Genes contain instructions for producing amino acids, which are then strung together into proteins. The instructions can be thought of as words made up from a four-letter DNA alphabet - A, T, C and G (for the base pairs of nucleic acids adenine, thymine, cytosine and guanine). String three particular letters together and they form a meaningful word known as a "codon" - an instruction which tells the cell to make a particular amino acid. However, only 20 of the 64 possible three-letter sequences actually code for an amino acid. Large stretches of DNA are, apparently, junk - they do not contain sequences of base pairs that code for amino acids. If DNA were a book, it would mostly read !@pounds $$$%^* ()&*&%^((^%pounds !!!^%$^%&$&
However, small parts do make sense - the genes. Yet even there, in many species a gene resembles a word divided up by meaningless letters, as if someone had taken the word "elephant" and written "elexymtygmaphant". The recognisable parts, such as "ele" and "phant", are known as exons, because in the DNA they "express" the protein - that is, they consist of one or more codons. The apparently meaningless intervening sequences - quite separate from the "junk" - are called "introns".
By the 1970s, scientists knew that the protein products of a bacterial gene correspond exactly to the gene's DNA sequence, just as the word "elephant" when read aloud corresponds to the written word. However, in 1977, molecular biologists investigating viral DNA found the first indications that the absence of introns actually makes bacteria unusual.
We now know that the genes of most organisms have introns - in fact, introns comprise by far the largest part of any mammalian gene. For example, the gene involved in the human genetic disorder Duchenne muscular dystrophy is 2.5 million base pairs long. But only 13,000 of these bases, fragmented into 79 exons, actually code for the protein dystrophin. In other words, only 0.5 per cent of the DMD gene actually makes the gene's product.
Introns thus seem to make genes very inefficient. In order to produce its protein, the entire gene has first to be transcribed into an DNA molecule from which, by virtue of the reading of a sort of punctuation between introns and exons, the introns are removed. The protein is then assembled from its constituent amino acids. The obvious question, and the mystery, is - why do we have introns?
One possibility is that they are just junk, like the base pairs outside the genes appear to be. (Though there are suggestions that such "junk" actually serves a useful purpose, such as providing a buffer against environmental damage to DNA. A mutation in the junk does not affect the genes, and so reduces the chance of harmful mutations arising, by this thinking.)
However, Greg Elgar and his team have made a key discovery - the puffer fish has just as many introns as we do. And it's not just the number of introns; their position, in relation to exons, is astonishingly consistent with that in humans. Elgar adds: "We have never found a case of a missing intron in a puffer fish."
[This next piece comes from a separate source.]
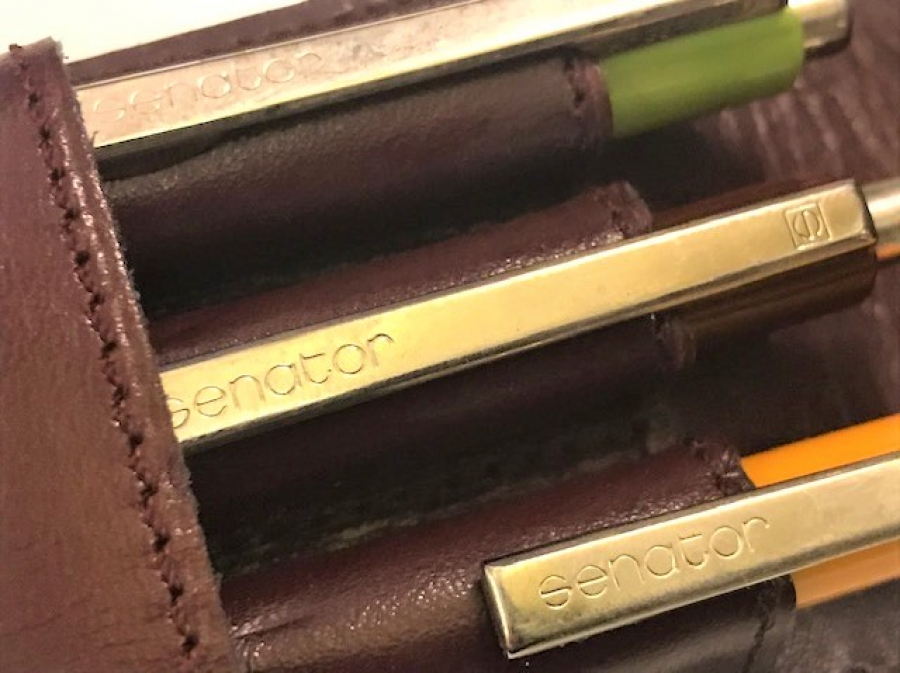 ÜC RENK ALMAN MALI SENATOR DERİ KILIFINDA TÜRK HAVA KURUMU TÜKENMEZ KALEM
From the evolutionary point of view, this is truly surprising. Evolutionary theory predicts that something functionally unimportant would gradually be lost over thousands or millions of years - think of the human appendix.
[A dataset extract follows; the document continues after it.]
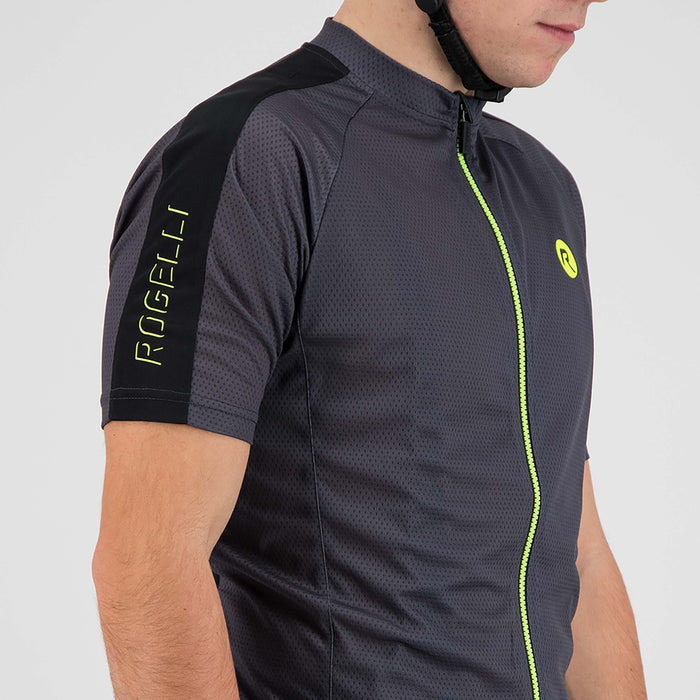 Detail van Rogelli Explore fietsshirt heren grijs korte mouw.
We would expect exons to be conserved, because of their role in creating proteins. However, since introns have no obvious biological function, and the last common ancestor of the puffer fish and humans lived 450 million years ago, one would think that enough time has passed for the introns to have diverged between species if they served no purpose. After all, we haven't kept our gills.
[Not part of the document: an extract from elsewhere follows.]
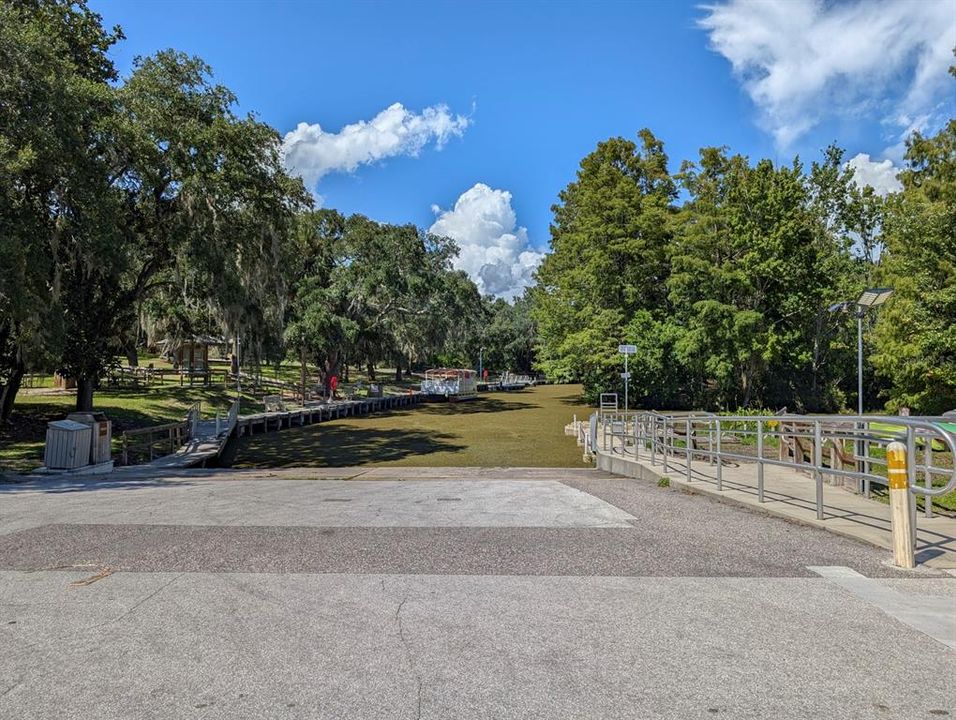 Lake Griffin State Park less than 1 mile away has boat ramp to launch your boat.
Instead, the number of introns is consistent across vertebrate species, but their size can vary enormously. As noted above, the human dystrophin gene has 2.5 million base pairs, but in the puffer fish, it has only 30,000; the difference is in the size of the introns. This is not just because we are more complex than puffer fish - frogs have 30 times more DNA than humans. The difference, again, is mainly in intron size.
All of which indicates that introns cannot just be junk. But what could their evolutionary role possibly be? Nineteen years ago, Walter Gilbert, at Harvard University, proposed a theory he called "exon shuffling". According to this, having introns permits genetic variation in evolution, while preserving the biological function of exons. Dr Elgar explains it like this: "Imagine a gene as a string of beads. The exons are the beads, and the introns are the string between them. The introns act as spacing elements between exons. When chromosomes break and rejoin, the DNA sequence can be broken and rejoined anywhere. Having introns increases the chances that a random break occurs in the introns. This means that breaks and rejoins are less likely to disturb the exons. They will alter their order, but not their function."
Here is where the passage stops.